These are just some ideas I've been tossing about for a while - Most of them are silly and completely crap. Enjoy and/or use them if you like... or not... The pictures are just helpful guides in what each mount is trying to somewhat represent and are indeed not the mounts themselves.
Squathole Mount -
The "Mick Truck" - 75 cigarettes
A Mack truck is a large and powerful industrial truck. The Mick Truck, based on the mack truck design, is much squattier and quite a bit uglier, but not lacking in brute horsepower. Driving around in this mount while fighting causes you to literally ram the truck into your foes, scoring your first hit, after which you'll need to jump out to attack.
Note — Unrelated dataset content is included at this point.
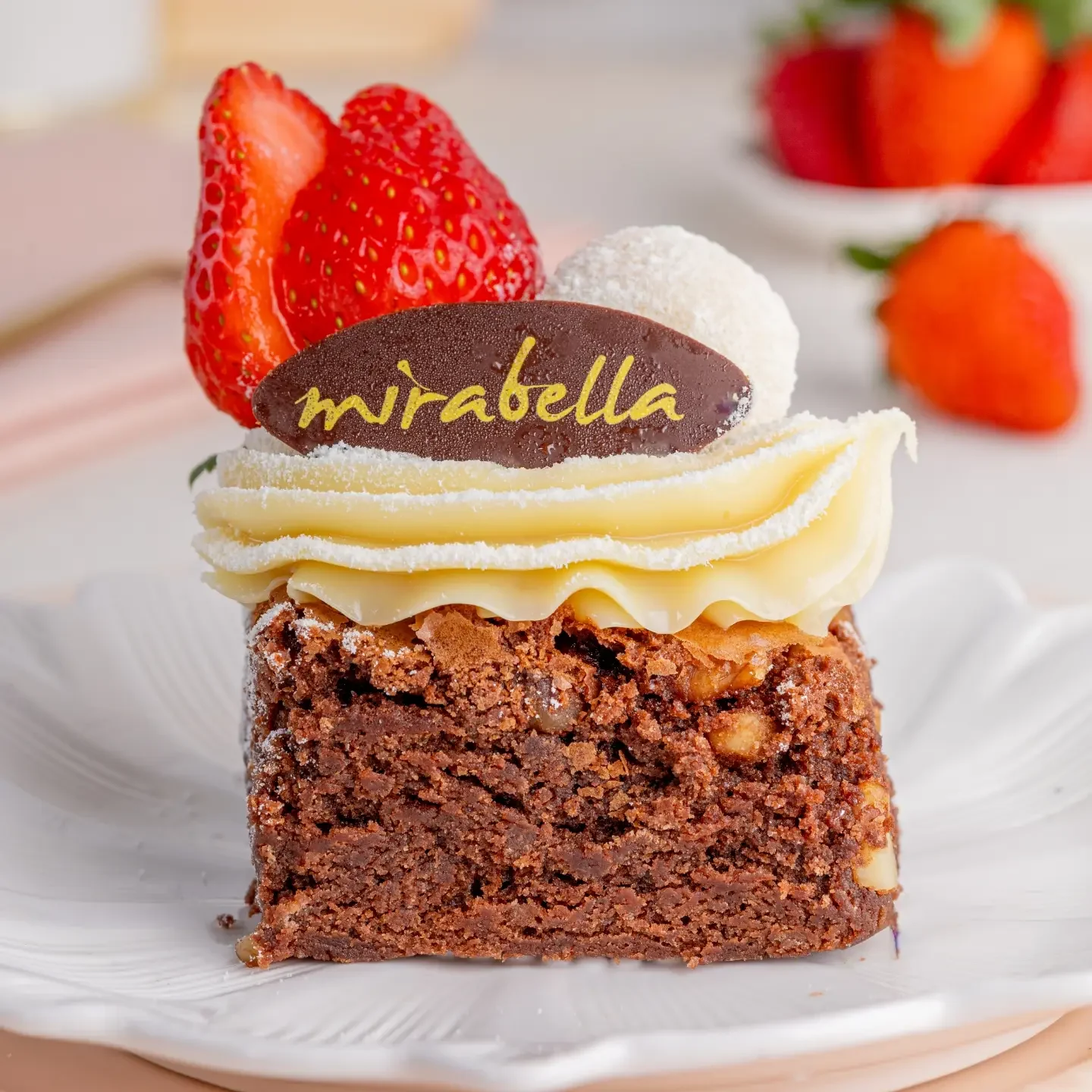 Fatia de brownie da Doceria Mirabella com creme branco, morangos e placa da marca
If possible to code, it may also allow you to score the last hit necessary to kill the monster as you climb back in and back over your foe.
Improbable Central's Mount -
The MACHINE! 200 cigarettes
A builder's, logger's, miner's, decorator's delicious wet dream. A traveler's soggy nightmare. Better than walking if you really need to get anywhere, but once you get there, a generous buff to building a site makes this baby irreplaceable. It also very randomly aids you in battle for no reason by attacking with one of its many oversized industrial grade appendages.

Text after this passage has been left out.